» **Data records**:
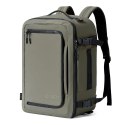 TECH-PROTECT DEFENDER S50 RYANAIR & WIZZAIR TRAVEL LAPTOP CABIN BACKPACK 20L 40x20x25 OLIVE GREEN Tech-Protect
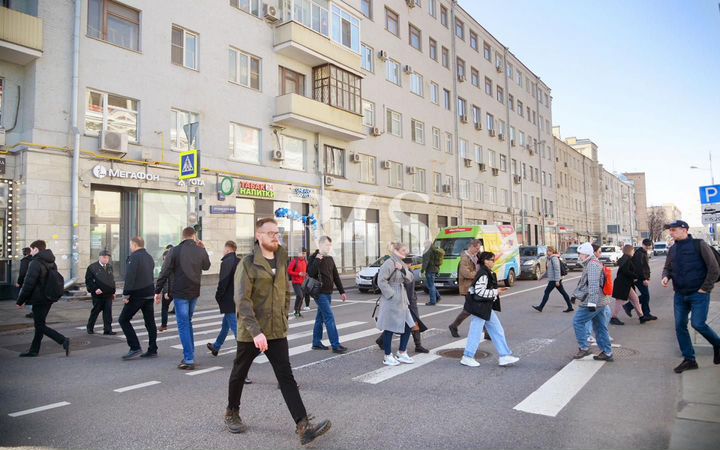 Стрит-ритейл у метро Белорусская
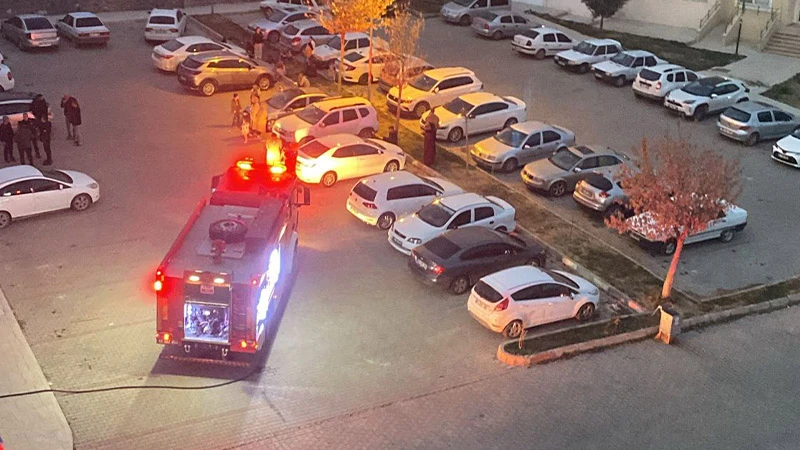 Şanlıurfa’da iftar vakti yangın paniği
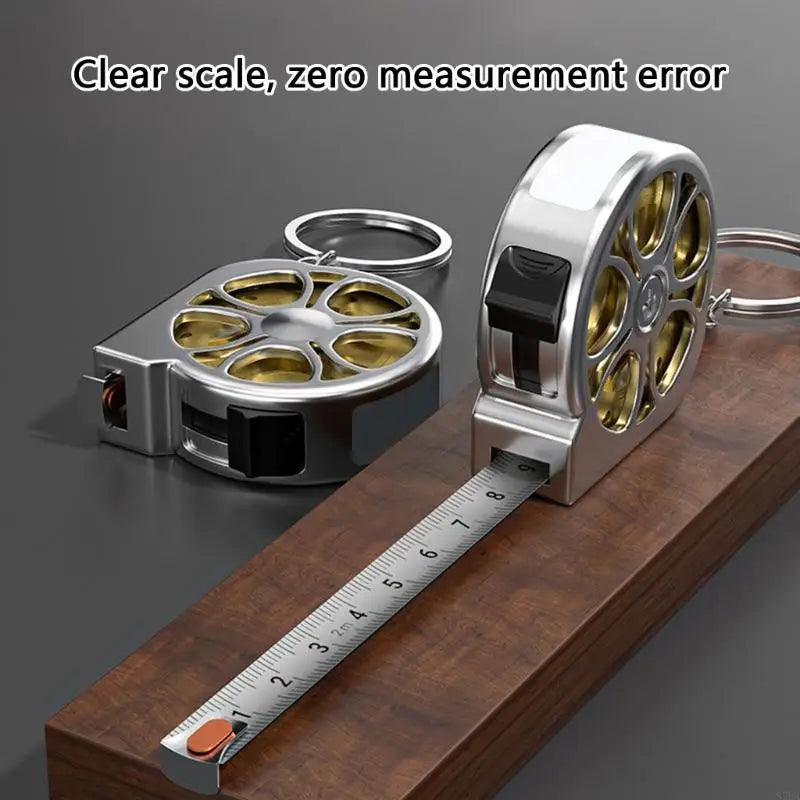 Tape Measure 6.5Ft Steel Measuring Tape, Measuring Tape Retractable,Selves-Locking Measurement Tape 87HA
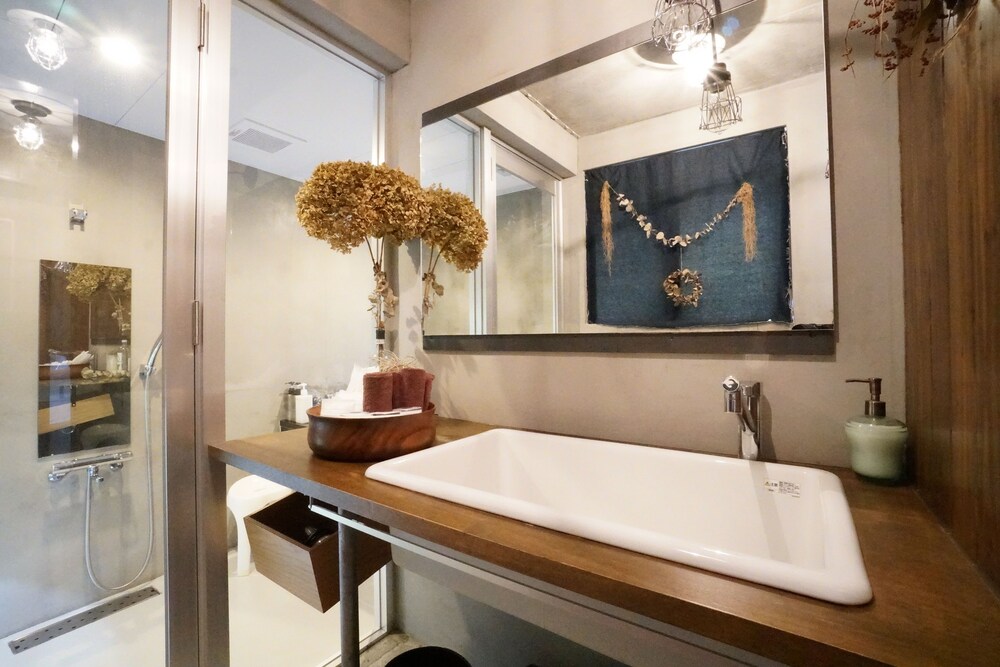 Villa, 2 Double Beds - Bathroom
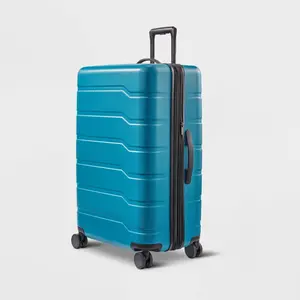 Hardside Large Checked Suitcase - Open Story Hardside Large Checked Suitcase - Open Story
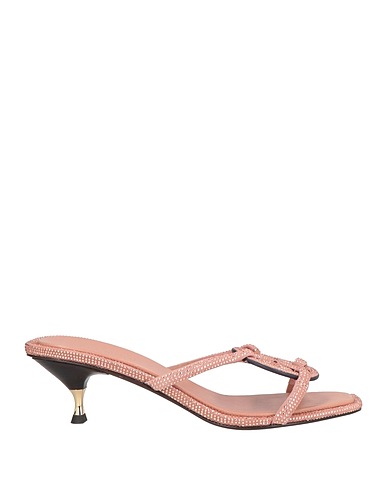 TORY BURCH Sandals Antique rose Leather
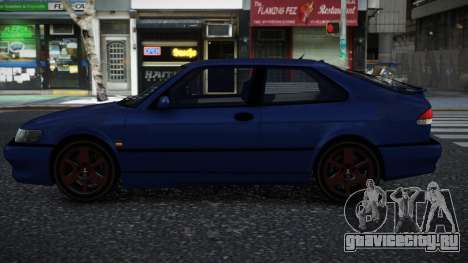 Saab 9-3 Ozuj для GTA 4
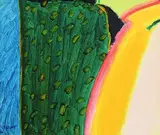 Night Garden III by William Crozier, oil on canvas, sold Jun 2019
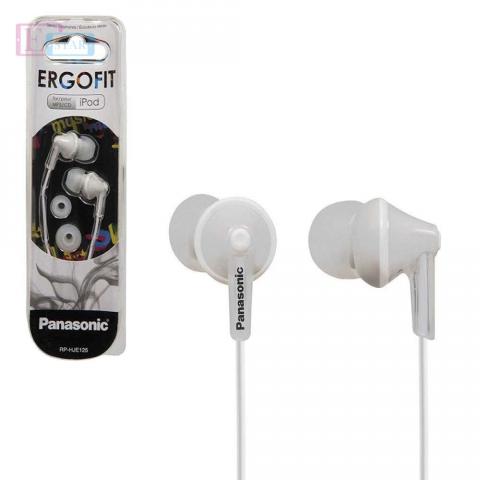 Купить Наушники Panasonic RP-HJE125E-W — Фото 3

* * *

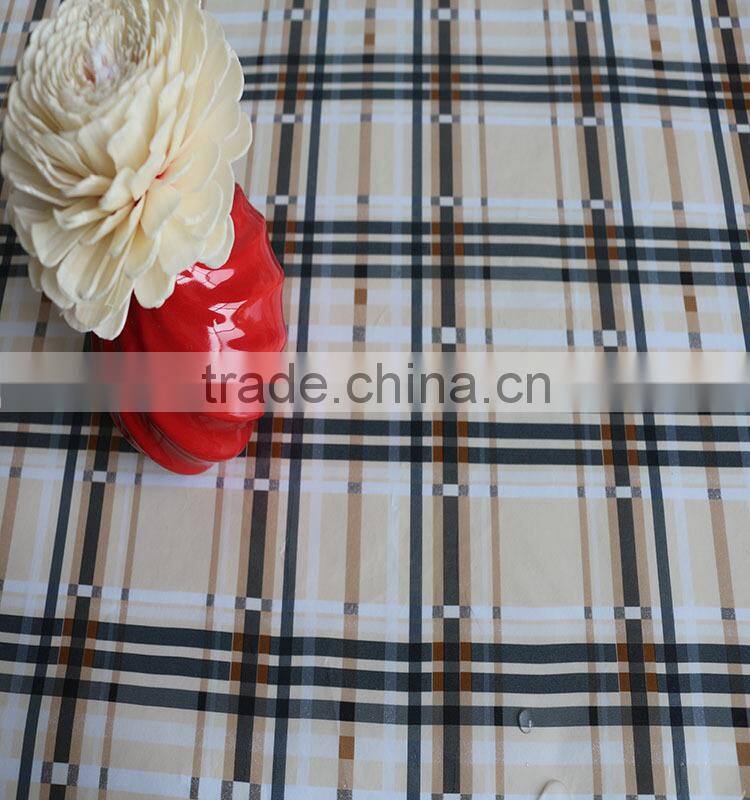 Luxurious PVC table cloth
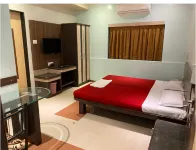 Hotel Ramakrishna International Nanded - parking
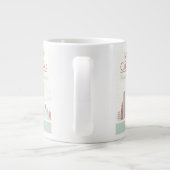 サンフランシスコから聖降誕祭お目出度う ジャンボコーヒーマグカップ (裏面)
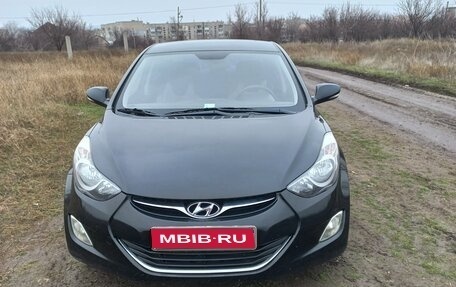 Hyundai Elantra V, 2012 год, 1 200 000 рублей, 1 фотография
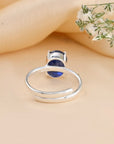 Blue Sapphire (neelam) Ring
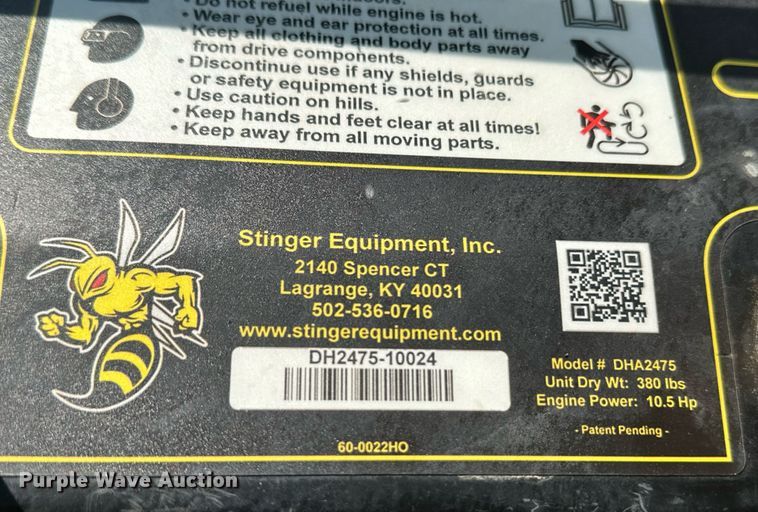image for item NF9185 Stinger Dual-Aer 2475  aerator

---

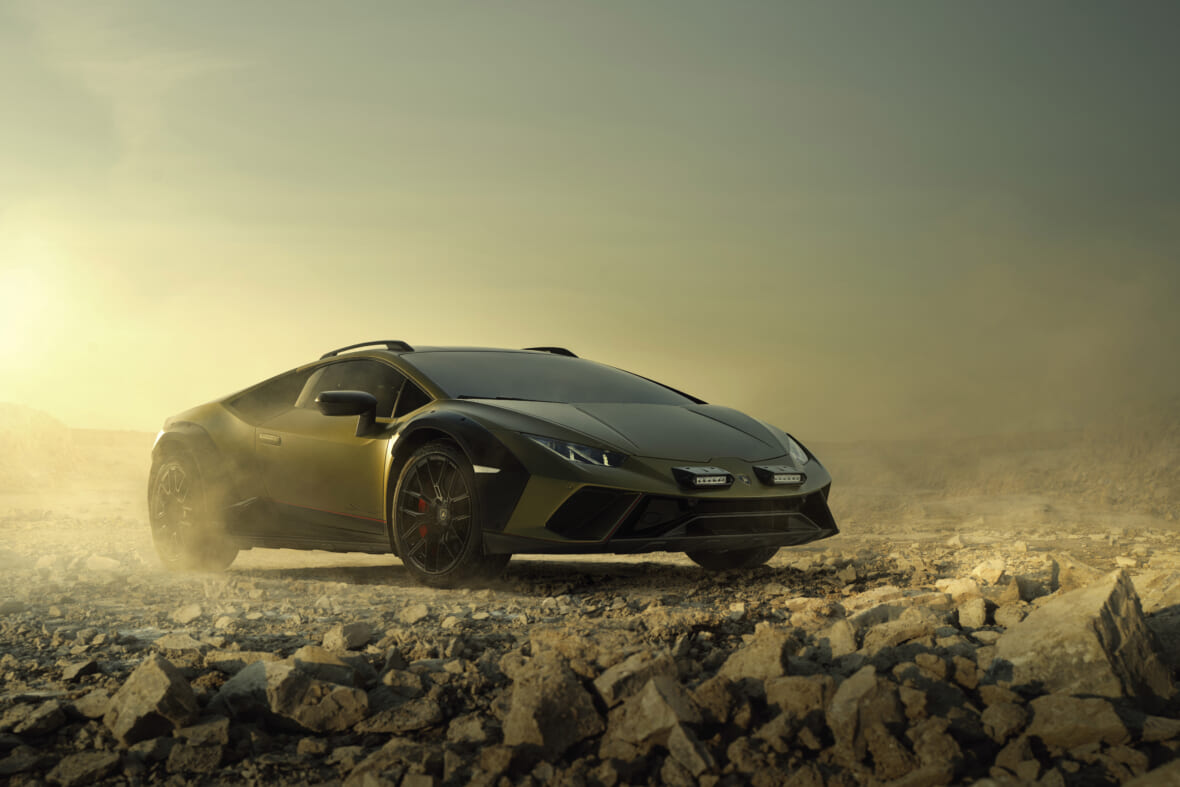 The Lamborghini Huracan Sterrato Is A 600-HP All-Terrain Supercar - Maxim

» **Work request**: Every line above between the one containing "Saab 9-3 Ozuj для GTA 4" and the one containing "Купить Наушники Panasonic", those two included, is to be printed exactly. No pictures go into the copy.

» **Response to this exercise**:
 Saab 9-3 Ozuj для GTA 4
 Night Garden III by William Crozier, oil on canvas, sold Jun 2019
 Купить Наушники Panasonic RP-HJE125E-W — Фото 3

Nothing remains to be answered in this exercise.